To access the web interface use:

localhost:8000

Unlike RStudio, there is no login required. Upon entering the address, you should see:

hortonworks web interface intro

Accessing the NameNode

The NameNode is the centerpiece of an HDFS file system. It keeps the directory tree of all files in the file system, and tracks where across the cluster the file data is kept.

Within the NameNode web interface, you have access to:

  1. Uptime of the NameNode
  2. Number of Live, Dead, and Decommissioned Nodes
  3. Host and Port Information
  4. Safe Mode Status
  5. Heap Information
  6. Audit Logs
  7. Garbage collection Metrics
  8. Total Load
  9. File Operations
  10. CPU Usage

Note: The NameNode does not store the data of these files itself.

To access the NameNode web interface use: localhost:50070

There is no login to access this information. If the image is active, you should see:

hortonworks web interface intro

Accessing the YARN/Resource Manager

YARN/Resource Manager is responsible for managing compute resources in Hadoop clusters and using them for scheduling of users’ applications.

Within the YARN/Resource Manager web interface, you have access to:

  1. Cluster Status
  2. Running/Completed/Failed Jobs
  3. Scheduler Information
  4. Node Information
  5. Application Information

To access the YARN/Resource Manager web interface use:

localhost:8088

There is no login to access this information. If the image is active, you should see:

hortonworks web interface intro

Accessing the Job History page

The Job History interface allows you to view your previous jobs that have been submitted and are no longer on the system.

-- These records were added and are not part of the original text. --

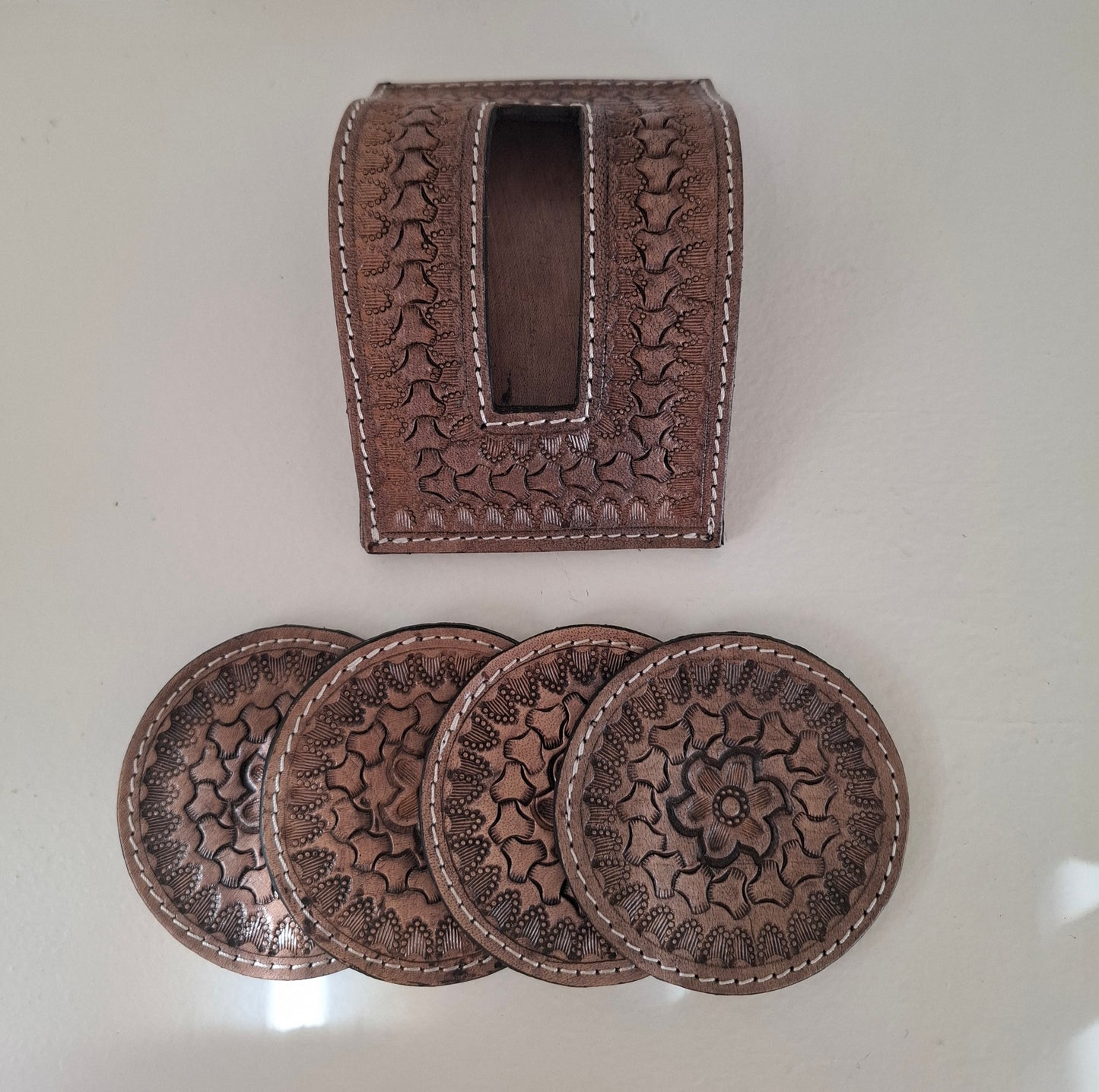 BNB Genuine Leather Coaster Set With Holder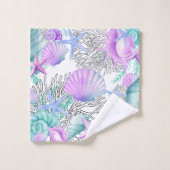 Paarse roze Blauwgroen en witte schelpen Bad Handdoek (Wasdoekje)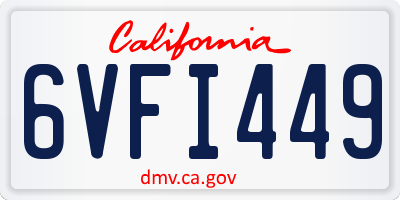 CA license plate 6VFI449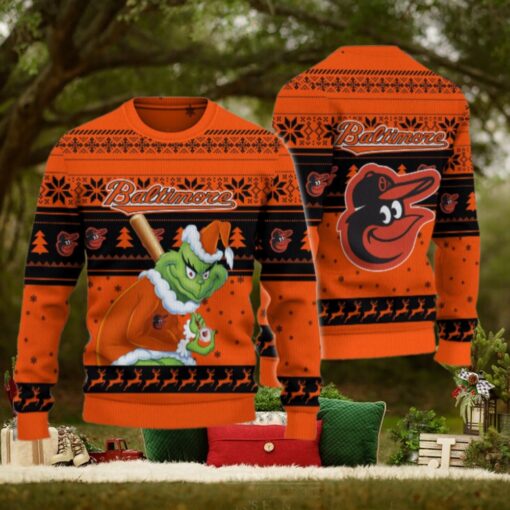 Baltimore Orioles Grinch Christmas Ugly Sweater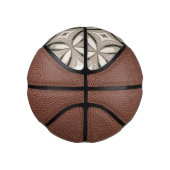 ベージュとブラウンのレトロな円形 ミニバスケットボール (右)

Think of this as a showcase of what you have been able to do with hadoop!

To access the Job History web interface use:

localhost:19888

There is no login to access this information. If the image is active, you should see:

hortonworks web interface intro

Snapshots to back up work!

Snapshots allow you to save the state of a virtual machine for later use. You can use these snapshots at a later time to revert back to state the virtual machine was when the snapshot was taken. In essence, a snapshot is like a photograph, which preserves a point in time. This is ideal since it allows you the ability to back up your work on the virtual machine.

Taking a snapshot

There are two ways to take a snapshot of the virtual machine depending on the state it is in.

Snapshot of a running virtual machine

When the VM is running, go to the Machine pull-down menu and select Take Snapshot.

snapshot machine while running

Snapshot of a “saved” or “powered off” virtual machine

When the VM is in either the “saved” or the “powered off” state (in the left hand side panel in the main window)

snapshot machine state

Click on the Snapshots tab on the top right of the main window

snapshot topright

To take a snapshot in this mode, there are two options:

  1. Click on the small camera icon

snapshot camera icon

OR

  1. Right-click on the “Current State” item in the list and select Take Snapshot from the menu.

snapshot current state

Snapshot Save window

With either option, a window will pop up to prompt you for a snapshot name. Please label each snapshot appropriately (e.g. “Added book data files”)

snapshot naming

Press OK

Your new snapshot will then appear in the snapshots list.

snapshot current state

Note: “Current State” of the machine has moved underneath your new snapshot. If take another snapshot later on, the snapshot will be further in the embedded in the list.

Restoring a Snapshot

To restore a snapshot, right click on any snapshot in the list of snapshots and select Restore Snapshot.

snapshot restore previous state

When the machine is restored, the virtual machine previous denote as the “Current State” is lost.

Deleting a Snapshot

To delete a snapshot, right-click on it in the snapshots tree and select Delete.

snapshot delete snapshot

Note: Deleting a past snapshot which will not affect the “Current State” of the virtual machine. When the snapshot is deleted, only the files specific to the snapshotted version on the disk are removed.

Misc.

There are no limits on the number of snapshots you can take.

The only limitation is the amount of storage on your hard drive.